Short web captions
- - - - -

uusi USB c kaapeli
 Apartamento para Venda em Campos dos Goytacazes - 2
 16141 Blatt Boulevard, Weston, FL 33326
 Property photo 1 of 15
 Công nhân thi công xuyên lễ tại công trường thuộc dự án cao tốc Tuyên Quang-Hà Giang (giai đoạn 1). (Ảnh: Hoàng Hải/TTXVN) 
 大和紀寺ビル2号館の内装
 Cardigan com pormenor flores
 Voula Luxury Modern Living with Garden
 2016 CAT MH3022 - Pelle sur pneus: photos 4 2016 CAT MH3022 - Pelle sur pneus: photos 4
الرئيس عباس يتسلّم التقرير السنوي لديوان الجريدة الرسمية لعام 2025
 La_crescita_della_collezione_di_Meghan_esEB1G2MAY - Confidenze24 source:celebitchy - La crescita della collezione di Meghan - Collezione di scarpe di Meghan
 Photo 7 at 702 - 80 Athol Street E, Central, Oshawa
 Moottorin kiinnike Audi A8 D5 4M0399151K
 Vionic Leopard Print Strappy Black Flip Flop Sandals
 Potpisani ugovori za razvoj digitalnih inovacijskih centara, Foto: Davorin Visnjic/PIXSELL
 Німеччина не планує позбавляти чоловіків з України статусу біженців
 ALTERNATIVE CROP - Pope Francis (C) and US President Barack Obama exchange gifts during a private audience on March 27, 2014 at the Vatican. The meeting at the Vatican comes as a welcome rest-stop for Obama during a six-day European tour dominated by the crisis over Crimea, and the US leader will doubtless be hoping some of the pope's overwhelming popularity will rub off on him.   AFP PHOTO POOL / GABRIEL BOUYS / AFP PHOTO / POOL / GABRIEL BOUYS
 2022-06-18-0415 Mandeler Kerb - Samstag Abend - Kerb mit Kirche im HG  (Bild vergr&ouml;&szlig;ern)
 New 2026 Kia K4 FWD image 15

- - - - -

Return exactly the lines from the beginning of the data above through the one containing "Voula Luxury Modern Living with Garden", please. Include both end lines and add nothing else.

uusi USB c kaapeli
 Apartamento para Venda em Campos dos Goytacazes - 2
 16141 Blatt Boulevard, Weston, FL 33326
 Property photo 1 of 15
 Công nhân thi công xuyên lễ tại công trường thuộc dự án cao tốc Tuyên Quang-Hà Giang (giai đoạn 1). (Ảnh: Hoàng Hải/TTXVN) 
 大和紀寺ビル2号館の内装
 Cardigan com pormenor flores
 Voula Luxury Modern Living with Garden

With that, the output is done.